Bersani, nella conferenza stampa, ha rimarcato il difetto di Renzi che avevo annotato nel post precedente: «Lui ha sempre il difettuccio di dire "noi e loro", ma noi siamo noi tutti noi, loro è Berlusconi. Noi siamo una grandissima squadra plurale». Cosa difficile da digerire, certo, per un grimpeur della politica che fa del personalismo la sua carta da giocare mediaticamente. Che si dice il nuovo ma non si schioda dal passato, un passato recentissimo, berlusconiano. Come, pure, rimarca ad un orecchio attento Bersani, dicendo, in linea con i suoi dieci punti, che il futuro «è fatto di partecipazione, il passato da personalismo»; costretto oltretutto dalle circostanze a ricordargli che «non c'è bisogno di fuoco amico, l'avversario è la destra».
E poi la bega sui conteggi, la richiesta renziana di «fare chiarezza sul risultato», che dimostra una sfiducia imbarazzante verso il suo stesso partito.
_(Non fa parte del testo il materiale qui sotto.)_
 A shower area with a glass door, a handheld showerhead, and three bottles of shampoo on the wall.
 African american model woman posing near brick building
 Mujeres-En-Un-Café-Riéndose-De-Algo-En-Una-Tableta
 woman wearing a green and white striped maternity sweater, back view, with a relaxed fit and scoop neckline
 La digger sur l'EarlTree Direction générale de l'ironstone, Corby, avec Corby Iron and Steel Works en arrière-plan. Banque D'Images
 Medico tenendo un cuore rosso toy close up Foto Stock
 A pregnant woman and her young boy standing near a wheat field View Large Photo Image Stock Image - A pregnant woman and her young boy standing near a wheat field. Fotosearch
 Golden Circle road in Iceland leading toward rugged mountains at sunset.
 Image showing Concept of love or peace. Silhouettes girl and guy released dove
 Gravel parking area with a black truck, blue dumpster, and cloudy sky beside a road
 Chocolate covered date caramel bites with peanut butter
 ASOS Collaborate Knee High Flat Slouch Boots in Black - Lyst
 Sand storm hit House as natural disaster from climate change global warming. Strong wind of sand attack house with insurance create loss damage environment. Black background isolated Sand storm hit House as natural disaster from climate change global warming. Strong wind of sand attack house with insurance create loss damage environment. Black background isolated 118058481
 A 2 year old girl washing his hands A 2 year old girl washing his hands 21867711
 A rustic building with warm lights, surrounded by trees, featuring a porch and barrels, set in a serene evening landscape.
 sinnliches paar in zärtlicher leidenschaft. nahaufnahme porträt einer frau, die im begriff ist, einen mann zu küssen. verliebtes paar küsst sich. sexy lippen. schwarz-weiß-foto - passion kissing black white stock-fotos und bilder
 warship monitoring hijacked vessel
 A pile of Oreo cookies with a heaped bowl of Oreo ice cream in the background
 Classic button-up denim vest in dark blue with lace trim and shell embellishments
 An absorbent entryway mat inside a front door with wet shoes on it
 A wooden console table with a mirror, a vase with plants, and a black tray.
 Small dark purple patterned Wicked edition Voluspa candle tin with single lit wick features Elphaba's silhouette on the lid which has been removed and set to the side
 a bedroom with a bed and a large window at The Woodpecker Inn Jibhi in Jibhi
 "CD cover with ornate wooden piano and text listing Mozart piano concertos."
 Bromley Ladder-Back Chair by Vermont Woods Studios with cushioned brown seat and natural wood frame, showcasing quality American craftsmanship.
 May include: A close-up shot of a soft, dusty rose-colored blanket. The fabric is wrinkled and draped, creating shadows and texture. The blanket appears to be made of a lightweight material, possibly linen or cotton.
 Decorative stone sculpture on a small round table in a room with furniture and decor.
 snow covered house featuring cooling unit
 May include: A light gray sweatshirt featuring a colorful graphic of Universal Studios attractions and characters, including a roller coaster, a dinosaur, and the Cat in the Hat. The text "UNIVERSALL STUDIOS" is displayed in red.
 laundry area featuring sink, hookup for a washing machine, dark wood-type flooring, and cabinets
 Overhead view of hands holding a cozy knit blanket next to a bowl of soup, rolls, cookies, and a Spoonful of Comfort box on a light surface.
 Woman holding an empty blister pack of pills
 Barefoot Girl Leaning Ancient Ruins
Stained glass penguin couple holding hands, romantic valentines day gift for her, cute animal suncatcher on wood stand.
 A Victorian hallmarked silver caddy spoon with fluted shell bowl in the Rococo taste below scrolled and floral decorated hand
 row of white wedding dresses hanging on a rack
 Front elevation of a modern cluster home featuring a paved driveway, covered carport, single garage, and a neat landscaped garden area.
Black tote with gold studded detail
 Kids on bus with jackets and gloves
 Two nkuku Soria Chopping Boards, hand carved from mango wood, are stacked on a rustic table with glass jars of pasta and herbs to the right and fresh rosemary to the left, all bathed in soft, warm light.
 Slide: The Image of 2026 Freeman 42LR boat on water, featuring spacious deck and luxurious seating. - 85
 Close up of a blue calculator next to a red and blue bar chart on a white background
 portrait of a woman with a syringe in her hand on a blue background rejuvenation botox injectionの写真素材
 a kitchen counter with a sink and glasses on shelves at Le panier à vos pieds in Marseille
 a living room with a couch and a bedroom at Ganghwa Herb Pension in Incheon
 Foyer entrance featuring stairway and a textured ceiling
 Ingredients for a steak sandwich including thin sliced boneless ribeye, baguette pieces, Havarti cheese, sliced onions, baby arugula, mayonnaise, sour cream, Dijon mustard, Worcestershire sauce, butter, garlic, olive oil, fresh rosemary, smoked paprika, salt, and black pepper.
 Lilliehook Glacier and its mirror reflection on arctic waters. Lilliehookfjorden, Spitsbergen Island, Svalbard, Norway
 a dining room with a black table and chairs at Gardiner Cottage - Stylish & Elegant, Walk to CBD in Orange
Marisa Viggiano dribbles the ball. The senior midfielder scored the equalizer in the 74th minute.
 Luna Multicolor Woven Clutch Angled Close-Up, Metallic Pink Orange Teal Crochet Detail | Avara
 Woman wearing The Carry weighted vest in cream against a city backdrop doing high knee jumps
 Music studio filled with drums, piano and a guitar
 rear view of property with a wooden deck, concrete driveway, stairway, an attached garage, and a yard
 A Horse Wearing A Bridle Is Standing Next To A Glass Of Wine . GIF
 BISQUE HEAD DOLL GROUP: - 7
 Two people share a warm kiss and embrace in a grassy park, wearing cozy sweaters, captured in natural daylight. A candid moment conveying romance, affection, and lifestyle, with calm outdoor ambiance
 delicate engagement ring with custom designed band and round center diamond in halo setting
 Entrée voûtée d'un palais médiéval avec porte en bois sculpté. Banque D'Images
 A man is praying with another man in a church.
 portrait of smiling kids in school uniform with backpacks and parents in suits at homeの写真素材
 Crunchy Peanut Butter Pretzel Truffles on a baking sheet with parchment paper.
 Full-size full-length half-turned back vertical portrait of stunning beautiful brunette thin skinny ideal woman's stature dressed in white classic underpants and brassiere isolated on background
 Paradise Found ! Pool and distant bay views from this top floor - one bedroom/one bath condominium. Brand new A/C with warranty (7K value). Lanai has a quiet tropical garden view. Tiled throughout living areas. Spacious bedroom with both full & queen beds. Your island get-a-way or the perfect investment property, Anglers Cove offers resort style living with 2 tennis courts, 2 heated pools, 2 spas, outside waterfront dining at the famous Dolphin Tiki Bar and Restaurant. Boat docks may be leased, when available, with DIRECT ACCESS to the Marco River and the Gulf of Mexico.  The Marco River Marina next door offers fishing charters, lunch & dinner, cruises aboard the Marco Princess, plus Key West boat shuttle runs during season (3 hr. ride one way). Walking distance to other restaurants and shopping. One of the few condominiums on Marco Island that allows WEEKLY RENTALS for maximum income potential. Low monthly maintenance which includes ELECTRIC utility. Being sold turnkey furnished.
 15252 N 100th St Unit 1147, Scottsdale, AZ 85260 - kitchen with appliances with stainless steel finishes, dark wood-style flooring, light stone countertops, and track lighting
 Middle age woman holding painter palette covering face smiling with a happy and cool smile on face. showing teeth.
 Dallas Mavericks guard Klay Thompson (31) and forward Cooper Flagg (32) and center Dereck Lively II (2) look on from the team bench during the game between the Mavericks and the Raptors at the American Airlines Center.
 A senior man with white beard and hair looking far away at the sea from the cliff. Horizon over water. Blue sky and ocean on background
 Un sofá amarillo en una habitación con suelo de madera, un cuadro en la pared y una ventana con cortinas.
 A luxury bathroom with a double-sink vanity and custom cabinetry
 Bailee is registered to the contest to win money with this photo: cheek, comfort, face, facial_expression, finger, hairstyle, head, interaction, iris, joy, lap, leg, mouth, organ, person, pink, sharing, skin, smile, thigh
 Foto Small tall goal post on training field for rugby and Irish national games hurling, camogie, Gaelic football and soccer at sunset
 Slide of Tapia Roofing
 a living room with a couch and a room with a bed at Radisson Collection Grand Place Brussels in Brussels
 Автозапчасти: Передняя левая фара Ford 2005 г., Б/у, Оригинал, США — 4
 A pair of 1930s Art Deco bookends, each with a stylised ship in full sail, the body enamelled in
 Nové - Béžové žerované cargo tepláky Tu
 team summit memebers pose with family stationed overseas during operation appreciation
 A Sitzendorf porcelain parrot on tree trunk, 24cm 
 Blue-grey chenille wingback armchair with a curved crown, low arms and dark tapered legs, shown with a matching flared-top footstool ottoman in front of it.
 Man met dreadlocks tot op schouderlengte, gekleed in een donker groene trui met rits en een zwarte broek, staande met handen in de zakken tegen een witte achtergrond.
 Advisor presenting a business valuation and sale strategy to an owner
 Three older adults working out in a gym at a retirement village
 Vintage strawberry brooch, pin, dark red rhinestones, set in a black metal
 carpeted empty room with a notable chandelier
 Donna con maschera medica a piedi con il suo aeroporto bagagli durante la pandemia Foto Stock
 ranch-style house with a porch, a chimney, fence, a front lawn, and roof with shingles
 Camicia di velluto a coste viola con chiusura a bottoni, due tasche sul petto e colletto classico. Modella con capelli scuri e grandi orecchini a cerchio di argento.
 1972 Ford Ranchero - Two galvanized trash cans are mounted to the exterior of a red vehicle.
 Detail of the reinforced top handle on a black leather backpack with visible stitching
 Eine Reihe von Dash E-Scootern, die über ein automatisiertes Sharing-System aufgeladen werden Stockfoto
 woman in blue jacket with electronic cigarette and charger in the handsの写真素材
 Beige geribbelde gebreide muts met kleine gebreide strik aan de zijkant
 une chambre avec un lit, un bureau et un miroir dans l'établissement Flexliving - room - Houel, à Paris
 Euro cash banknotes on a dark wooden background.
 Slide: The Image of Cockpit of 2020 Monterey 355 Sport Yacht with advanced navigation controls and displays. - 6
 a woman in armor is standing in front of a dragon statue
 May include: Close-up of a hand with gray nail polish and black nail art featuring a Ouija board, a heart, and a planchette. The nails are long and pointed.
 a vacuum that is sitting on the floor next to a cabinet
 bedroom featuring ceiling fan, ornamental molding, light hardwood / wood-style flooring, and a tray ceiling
Indipendentemente dal fatto che, come lui stesso dice, domenica prossima si riparte «zero a zero». E tutto perché secondo i calcoli "infallibili" dei suoi sarebbe al 39% e non al 35%. Certo, Renzi ha anche aggiunto che «tre punti in più o in meno non spostano il senso di ciò che é accaduto, ma é giusto - dice - fare chiarezza, ogni voto conta». Già, perché l'effetto televisivo, gli hanno detto, è diverso; così si perde un importante effetto "testa a testa", sui media, dove ciò che conta non è essere ma apparire, anche per quello che non si è.
«Non mettiamo briciole di problemi in questa grande giornata, ci penseranno i garanti», ha detto Bersani, e poi «noi siamo gente per bene». Acqua sul fuoco, certo. Ma Renzi resta il bambino che s'arrabbia se perde e porta via il pallone.